Cette personne que tu appelles
Au cours des nombreux siècles qu'il avait passé à observer les humains, Castiel avait repéré un curieux phénomène.
Lorsqu'un humain était en danger, son premier réflexe était de crier – parfois à l'aide, mais il arrivait aussi que ce soit un nom. Ou une quelconque désignation, sergent, Seigneur et autre.
Mais la plupart du temps, c'était le même nom qui revenait. Un même nom, mais qui s'appliquait à des milliers de personnes dans le monde. Maman.
Quand un humain était en danger, son premier réflexe consistait fréquemment à appeler sa génitrice.
Castiel savait pourquoi.

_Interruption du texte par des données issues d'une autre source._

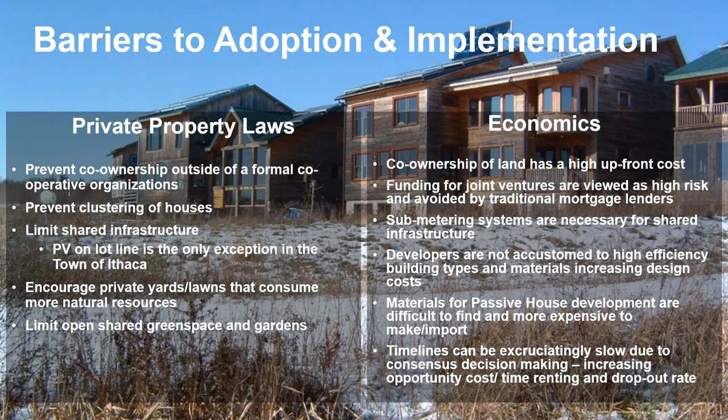Private property laws also encourage private lawns and limit green spaces and community garden spaces. Economics was a major issue as well, because co-ownership of land has a large upfront cost. It's hard to get an ecovillage started and then maintain the resources for sub-metering systems for shared infrastructure. Developers aren't accustomed to passive house standards, which are still new and developing, particularly from Europe. Timelines can be excruciatingly slow due to consensus decision-making, which increases the likelihood of people dropping out and the need to raise more funds over a longer development timeline.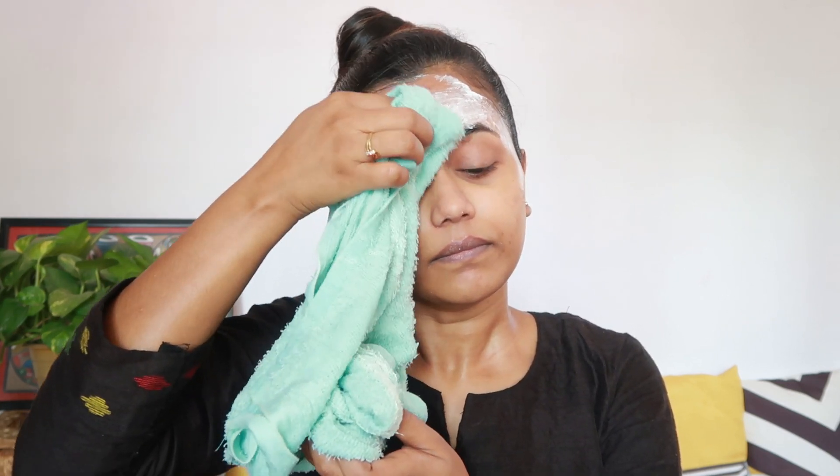After application, just keep it on for 10 minutes and then clean it off using a wet soft cotton towel gently. See — it also cleans all the impurities and vanishes away all the dullness from your face.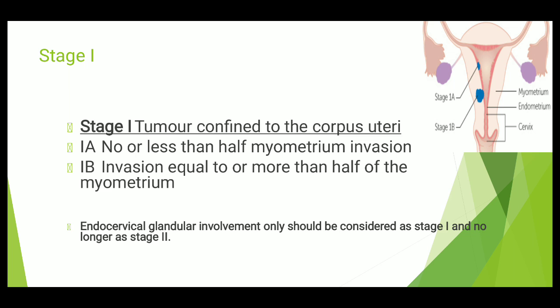That is Stage 1. An important noteworthy point is that endocervical glandular involvement should only be considered as Stage 1 and no longer as Stage 2. Previously it was considered part of Stage 2, but now endocervical glandular involvement is considered to be Stage 1.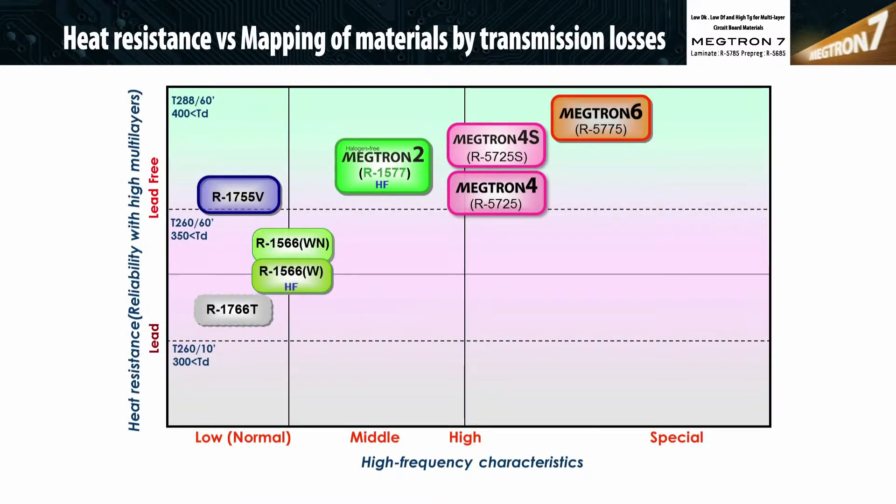This is a positioning map of our material used for ICT infrastructure applications. The X-axis is frequency and the Y-axis is heat resistance. Panasonic developed Megtron 77N for ultra-low permittivity and loss combined with high heat resistance, targeting ultra-high layer count — equal to or greater than 72 layers — and ultra-thick PCBs, equal to or greater than 400 mils thick.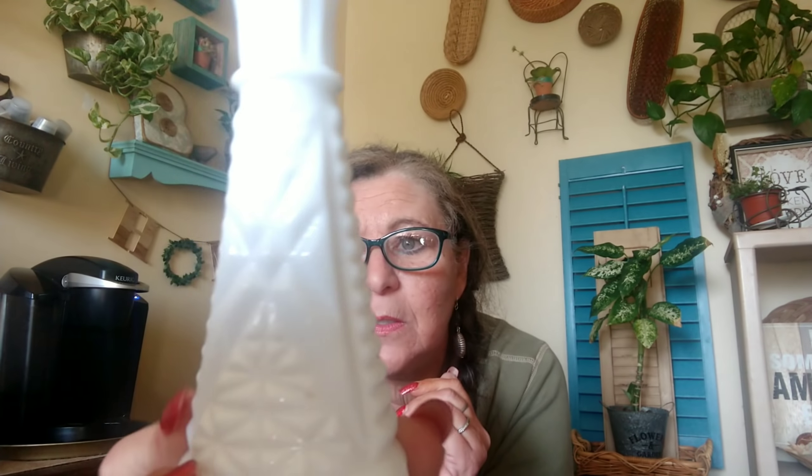Then I got this little milk glass vase. The sun is shining in so the camera is having trouble picking it up, but I got it for $2.25. I already have a few of these — I have mama, papa, and all the little siblings — and this one was all alone, so I brought him home to his family.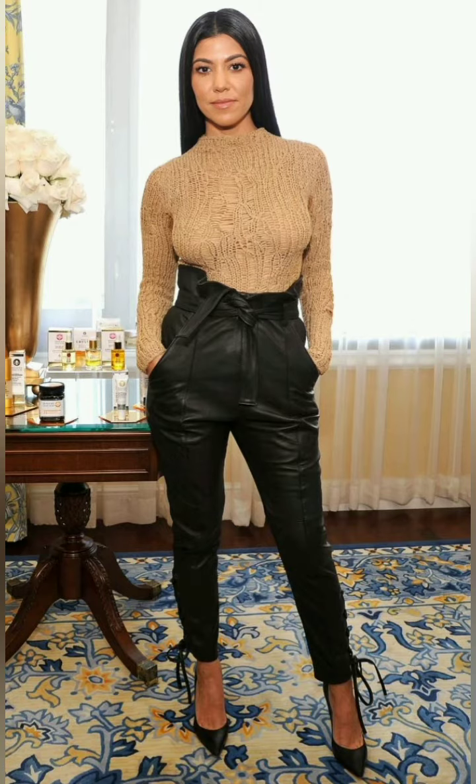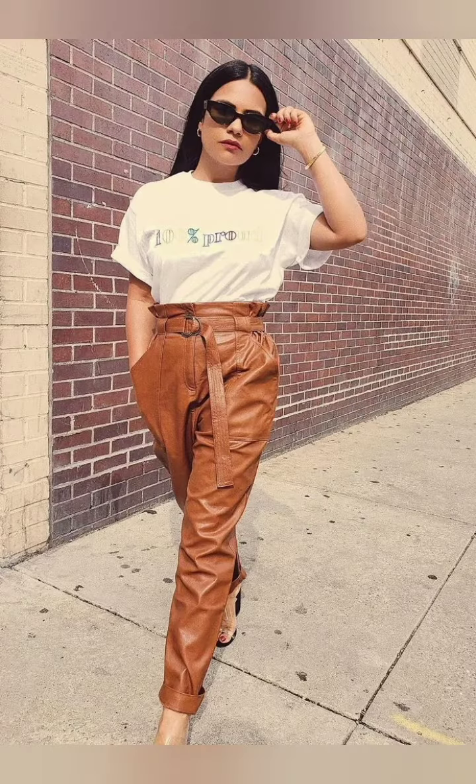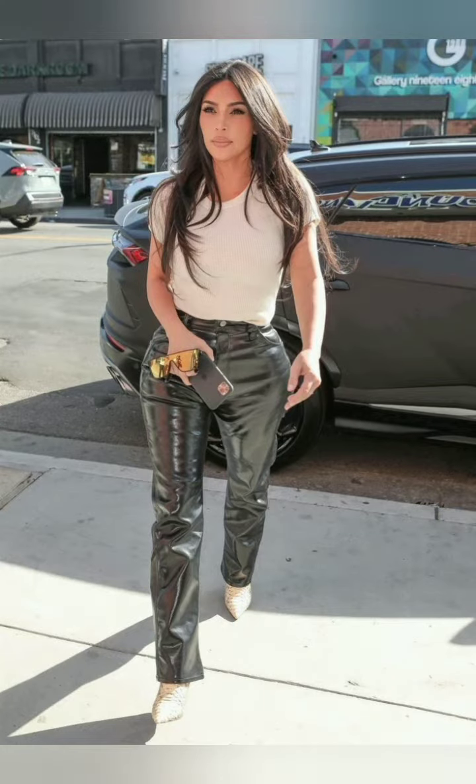Watch the video till the end to get all these beautiful and amazing design ideas. Also share with your friends so they will also get amazing ideas about these beautiful and flawless pants outfits. These are very trendy nowadays.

Pour les humains, la mère était la première protectrice, une figure quasiment toute puissante aux yeux de sa progéniture, celle qui chassait d'un simple geste les monstres imaginaires – parce que la plupart du temps, les vrais monstres…
Dieu ne pouvait pas être partout, alors il a créé les mères, avait un jour plaisanté Dean, aussi blasphémateur que d'habitude – Dieu était omniprésent !
Dean… Quand il était en danger, Dean n'appelait jamais personne. Même pas le nom de Mary Campbell Winchester. Il n'appelait personne. Castiel ne savait pas comment il devait réagir à cela – le choc ou la tristesse ?
En revanche, c'était Dean qu'appelait Sam lorsqu'il était en danger. Depuis l'instant où le cadet de John Winchester avait appris à parler, il avait toujours appelé son frère pour venir le sauver. Jamais son père. Toujours son frère.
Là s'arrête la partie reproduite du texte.